TOWARDSDATASCIENCE.COM
Reducing Time to Value for Data Science Projects: Part 1
Introduction
The Experimentation and development phase of a data science project is where data scientists are meant to shine. Trying out different data treatments, feature combinations, model choices etc. all factor into arriving at a final setup that will form the proposed solution to your business needs. The technical capability required to carry out these experiments and critically evaluate them are what data scientists were trained for. The business relies on data scientists to deliver solutions ready to be productionised as quickly as possible; the time taken for this is known as time to value.
Despite all this I have found from personal experience that the experimentation phase can become a large time sink, and can threaten to completely derail a project before its barely begun. The over-reliance on Jupyter Notebooks, experiment parallelization by manual effort, and poor implementation of software best practises: these are just a few reasons why experimentation and the iteration of ideas end up taking significantly longer than they should, hampering the time taken to begin delivering value to a business.
This article begins a series where I want to introduce some principles that have helped me to be more structured and focussed in my approach to running experiments. The result of this have allowed me to streamline my ability to execute large-scale parallel experimentation, freeing up my time to focus on other areas such as liaising with stakeholders, working with data engineering to source new data feeds or working on the next steps for productionisation. This has allowed me to reduce the time to value of my projects, ensuring I deliver to the business as quickly as possible.
We Need To Talk About Notebooks
Jupyter Notebooks, love them or hate them, are firmly entrenched in the mindset of every data scientist. Their ability to interactively run code, create visualisations and intersperse code with Markdown make them an invaluable resource. When moving onto a new project or faced with a new dataset, the first steps are almost always to spin up a notebook, load in the data and start exploring.
Using a notebook in a clean and clear manner. Image created by author.
While bringing great value, I see notebooks misused and mistreated, forced to perform actions they are not suited to doing. Out of sync codeblock executions, functions defined within blocks and credentials / API keys hardcoded as variables are just some of the bad behaviours that using a notebook can amplify.
Example of bad notebook habits. Image created by author.
In particular, leaving functions defined within notebooks come with a host of problems. They cannot be tested easily to ensure correctness and that best practises have been applied. They also can only be used within the notebook itself and so there is a lack of cross-functionality. Breaking free of this coding silo is critical in running experiments efficiently at scale.
Local vs Global Functionality
Some data scientists are aware of these bad habits and instead employ better practises surrounding developing code, namely:
Develop within a notebook
Extract out functionality into a source directory
Import function for use within the notebook
This approach is a significant improvement compared to leaving them defined within a notebook, but there is still something lacking. Throughout your career you will work across multiple projects and write lots of code. You may want to re-use code you have written in a previous project; I find this is quite common place as there tends to be a lot of overlap between work.

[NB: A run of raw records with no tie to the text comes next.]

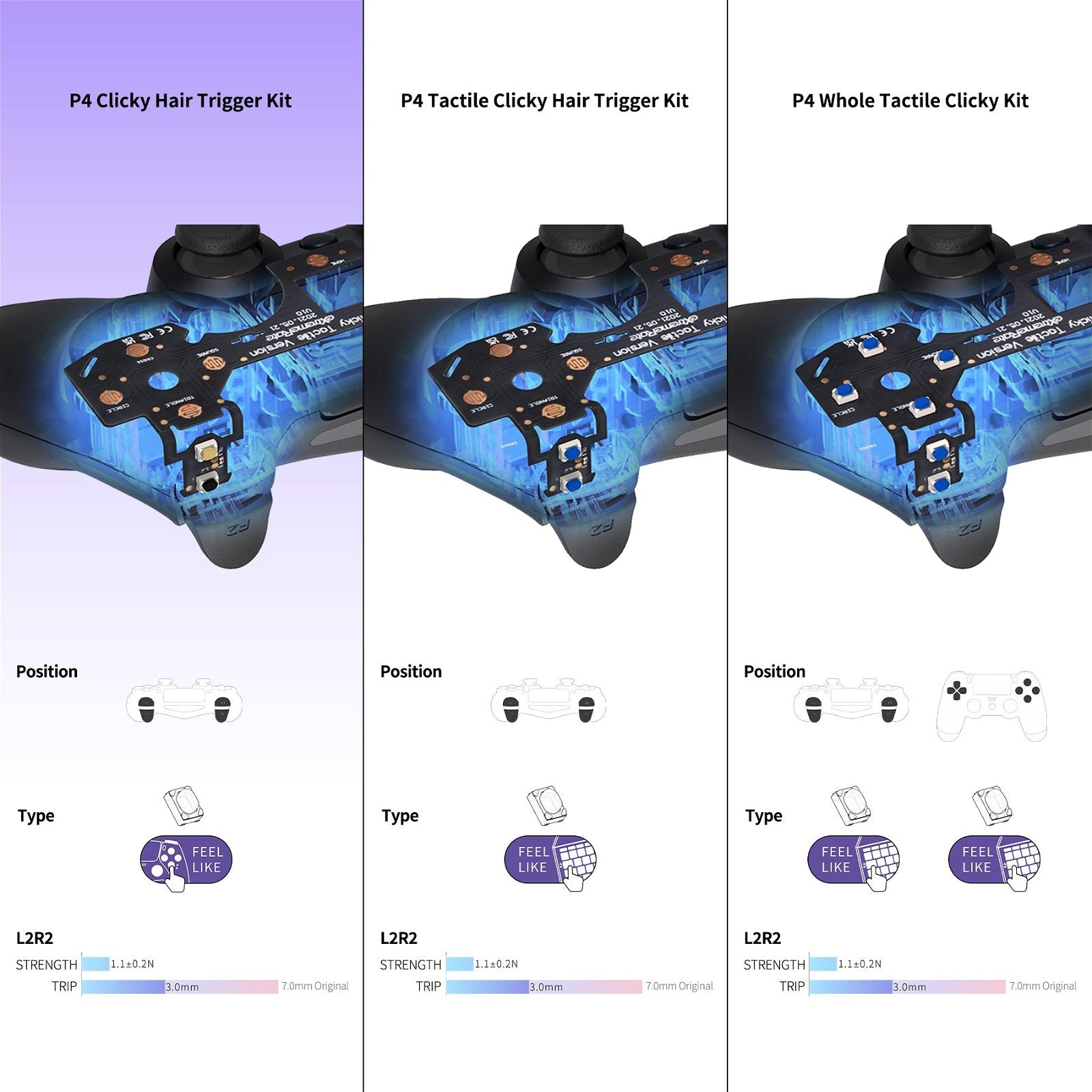Clicky Hair Trigger Kit Compatible With PS4 CUH ZCT2 Controller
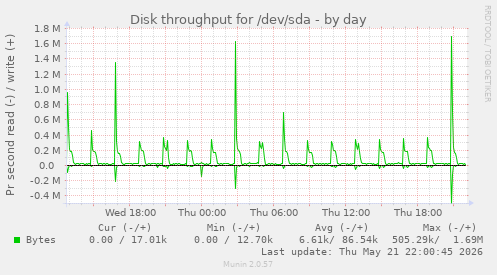 Disk throughput for /dev/sda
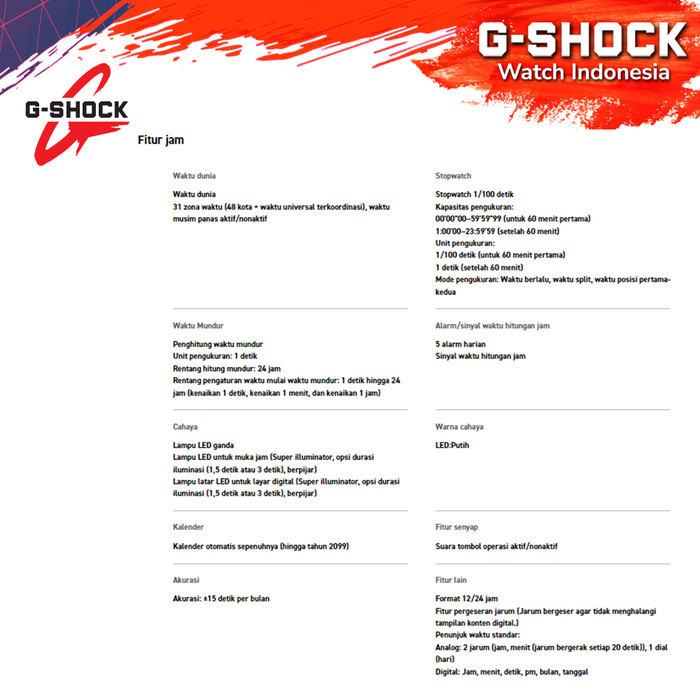 G-Shock Gshock Gm-2100-1Adr Gm-2100-1A Gm-2100 Gm2100 Gm 2100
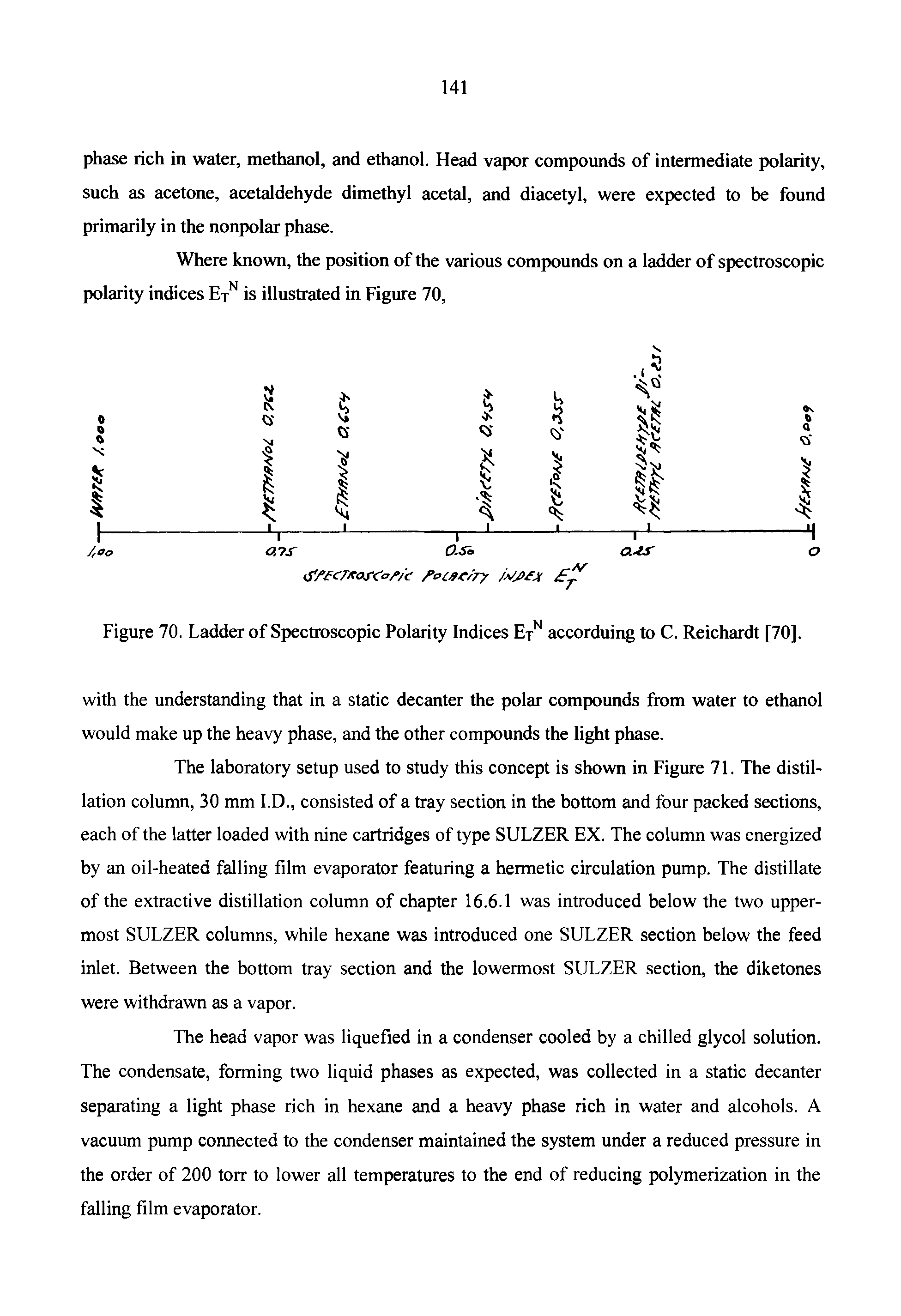 Figure 70. Ladder of Spectroscopic Polarity Indices accorduing to C. Reichardt [70].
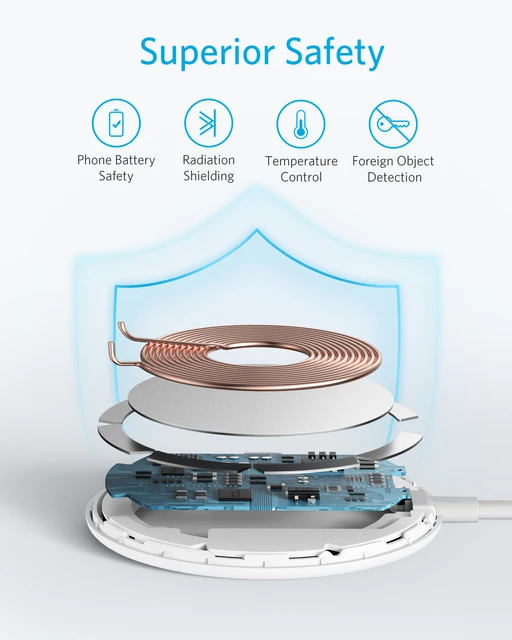 Anker 313 Magnetic Wireless Chargers 5 ft Built-in USB-C Cable PowerWave Magnetic Pad Lite Magsafe for iPhone 14/13/12 Series - Hình ảnh 2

The approach I see in sharing code functionality ends up being the scenario where it is copy+pasted wholesale from one repository to another. This creates a headache from a maintainability perspective, if issues are found in one copy of these functions then there is a significant effort required to find all other existing copies and ensure fixes are applied. This poses a secondary problem when your function is too specific for the job at hand, and so the copy+paste also requires small modifications to change its utility. This leads to multiple functions that share 90% identical code with only slight tweaks.
Similar functions bloat your script for little gain. Image created by author.
This philosophy of creating code in the moment of requirement and then abstracting out into a local directory also creates a longevity problem. It becomes increasingly common for scripts to become bloated with functionality with little to no cohesion or relation to each other.
Storing all functionality into a single script is not sustainable. Image created by author.
Taking time to think about how and where code should be stored can lead to future success. Looking beyond your current project, start considering about what can be done with your code now to make it future-proof. To this end I suggest creating an external repository to host any code you develop with the aim of having deployable building blocks that can be chained together to efficiently answer business needs.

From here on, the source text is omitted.